AbstractThe purpose of the present research is to investigate model mixed boundary value problems (BVPs) for the Helmholtz equation in a planar angular domain {\Omega_{\alpha}\subset\mathbb{R}^{2}} of magnitude α.
These problems are considered in a non-classical setting when a solution is sought in the Bessel potential spaces {\mathbb{H}^{s}_{p}(\Omega_{\alpha})}, {s>\frac{1}{p}}, {1<p<\infty}.
The investigation is carried out using the potential method by reducing the problems to an equivalent boundary integral equation (BIE) in the Sobolev–Slobodečkii space on a semi-infinite axis {\mathbb{W}^{{s-1/p}}_{p}(\mathbb{R}^{+})}, which is of Mellin convolution type.

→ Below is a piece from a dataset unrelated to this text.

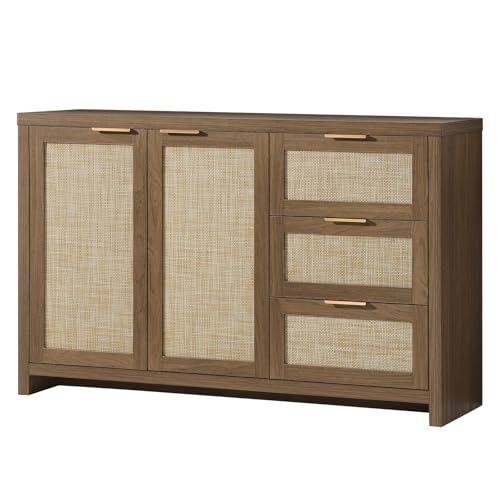 Kitchen-Storage-Cabinets-Buffet-Cabinet-with-Storage-Rattan-Sideboard-Cabinet-Organizer-3-Drawers-and-2-Doors-Accent-Console-Table-for-Kitchen-Hallway-Living-Room-bar-Special-Walnut Kitchen Storage Cabinets Buffet Cabinet with Storage Rattan Sideboard Cabinet Organizer 3 Drawers and 2 Doors Accent Console Table for Kitchen Hallway Living Room bar Special Walnut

Applying the recent results on Mellin convolution equations in the Bessel potential spaces obtained by V. Didenko and R. Duduchava
[Mellin convolution operators in Bessel potential spaces,
J. Math. Anal. Appl. 443 2016, 2, 707–731],
explicit conditions of the unique solvability of this BIE in the Sobolev–Slobodečkii {\mathbb{W}^{r}_{p}(\mathbb{R}^{+})} and Bessel potential {\mathbb{H}^{r}_{p}(\mathbb{R}^{+})} spaces for arbitrary r are found and used to write explicit conditions for the Fredholm property and unique solvability of the initial model BVPs for the Helmholtz equation in the non-classical setting.
The same problem was investigated in a previous paper
[R. Duduchava and M. Tsaava,
Mixed boundary value problems for the Helmholtz equation in arbitrary 2D-sectors,
Georgian Math. J. 20 2013, 3, 439–467],
but there were made fatal errors.
In the present paper, we correct these results.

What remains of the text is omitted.